Veronesean embeddings of dual polar spaces of orthogonal type

Given a point-line geometry $\Gamma$ and a pappian projective space $\cal S$, a veronesean embedding of $\Gamma$ in $\cal S$ is an injective map $e$ from the point-set of $\Gamma$ to the set of points of $\cal S$ mapping the lines of $\Gamma$ onto non-singular conics of $\cal S$ and such that $e(\Gamma)$ spans $\cal S$. In this paper we study veronesean embeddings of the dual polar space $\Delta_n$ associated to a non-singular quadratic form $q$ of Witt index $n \geq 2$ in $V = V(2n+1,\mathbb{F})$. Three such embeddings are considered, namely the Grassmann embedding $\varepsilon^{\mathrm{gr}}_n$ which maps a maximal singular subspace $\langle v_1,..., v_n\rangle$ of $V$ (namely a point of $\Delta_n$) to the point $\langle \wedge_{i=1}^nv_i\rangle$ of $\mathrm{PG}(\bigwedge^nV)$, the composition $\varepsilon^{\mathrm{vs}}_n := \nu_{2^n}\circ \varepsilon^{\mathrm{spin}}_n$ of the spin (projective) embedding $\varepsilon^{\mathrm{spin}}_n$ of $\Delta_n$ in $\mathrm{PG}(2^n-1,\mathbb{F})$ with the quadric veronesean map $\nu_{2^n}:V(2^n,\mathbb{F})\rightarrow V({{2^n+1}\choose 2}, \mathbb{F})$, and a third embedding $\tilde{\varepsilon}_n$ defined algebraically in the Weyl module $V(2\lambda_n)$, where $\lambda_n$ is the fundamental dominant weight associated to the $n$-th simple root of the root system of type $B_n$. We shall prove that $\tilde{\varepsilon}_n$ and $\varepsilon^{\mathrm{vs}}_n$ are isomorphic.

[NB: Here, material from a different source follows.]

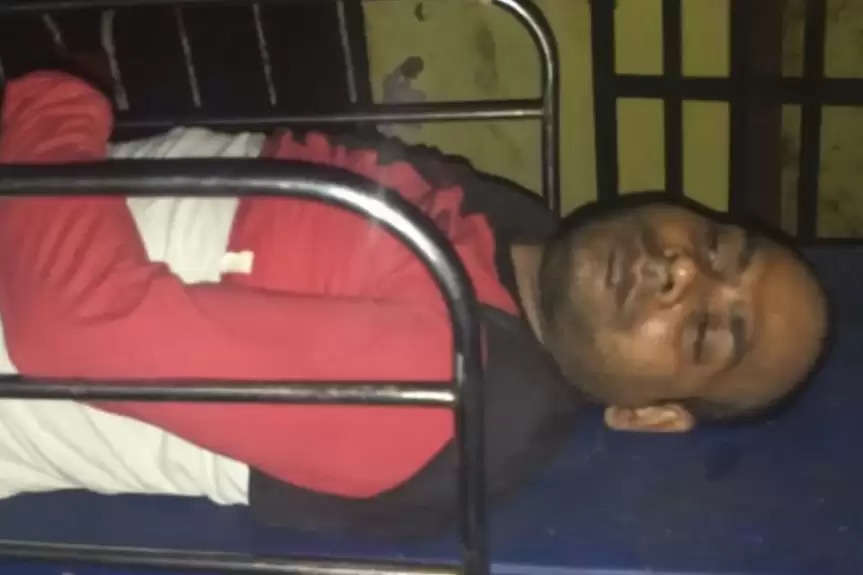 ठाकुरद्वारा: किन्नर ने लगाया पुलिस पर मारपीट कर गोली मारने का गम्भीर आरोप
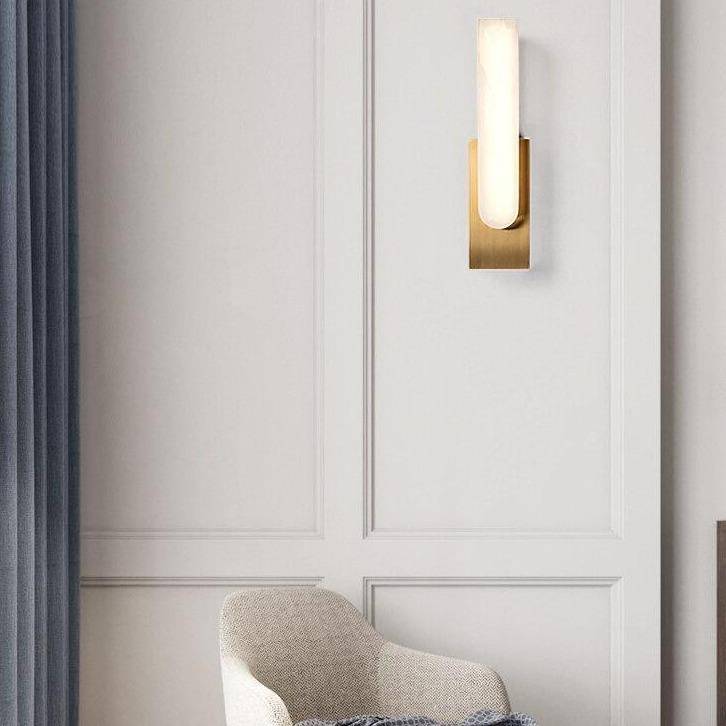 Applique murale design LED allongée avec abat-jour en marbre arrondi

If $\mathrm{char}(\F)\neq 2$ then $V(2\lambda_n)$ is irreducible and $\tilde{\varepsilon}_n$ is isomorphic to $\varepsilon^{\mathrm{gr}}_n$ while if $\mathrm{char}(\F)= 2$ then $\varepsilon^{\mathrm{gr}}_n$ is a proper quotient of $\tilde{\varepsilon}_n$. In this paper we shall study some of these submodules. Finally we turn to universality, focusing on the case of $n = 2$. We prove that if $\F$ is a finite field of odd order $q > 3$ then $\varepsilon^{\mathrm{sv}}_2$ is relatively universal. On the contrary, if $\mathrm{char}(\F)= 2$ then $\varepsilon^{\mathrm{vs}}_2$ is not universal. We also prove that if $\F$ is a perfect field of characteristic 2 then $\varepsilon^{\mathrm{vs}}_n$ is not universal, for any $n \geq 2$.